# 2000 LP Classic Ltd - $1,600 - Winnipeg



## Jackvulcan9000 (Sep 4, 2021)

Kijiji - Buy, Sell & Save with Canada's #1 Local Classifieds


Visit Kijiji Classifieds to buy, sell, or trade almost anything! New and used items, cars, real estate, jobs, services, vacation rentals and more virtually anywhere.




www.kijiji.ca





Great deal! 
I'd take this if anyone would ship.


----------



## brokentoes (Jun 29, 2014)

I dont know a ton about Gibsons but is that legit ? Funky serial number and no made in the USA ?


----------



## Jackvulcan9000 (Sep 4, 2021)

brokentoes said:


> I dont know a ton about Gibsons but is that legit ? Funky serial number and no made in the USA ?

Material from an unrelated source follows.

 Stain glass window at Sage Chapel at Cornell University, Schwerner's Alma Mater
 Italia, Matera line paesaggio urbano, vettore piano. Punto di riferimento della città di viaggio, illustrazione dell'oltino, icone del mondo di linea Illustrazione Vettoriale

** Due diligence on the buyer **

2 cents:
The LP Classic "1960" run had serial numbers like that. 
As the lacquer sometimes filled in the "Made in USA" embossed lettering, the ebony finish often make that very difficult to read.


----------



## dwagar (Mar 6, 2006)

The had serial numbers that weren't straight?


----------



## Thunderboy1975 (Sep 12, 2013)

dwagar said:


> The had serial numbers that weren't straight?


Respectably...yes.
And a thinner shaped headstock.


----------



## tomee2 (Feb 27, 2017)

I can see the imprint left by the old tuners but there is no evidence of a "made in USA" stamp? Odd. It's possible these didn't have them?

The fret markers do look like they have pointy ends, not rounded.

Quick google... and others on reverb look the same with SN and the limited edition stamp.
Wish it was local to me!


----------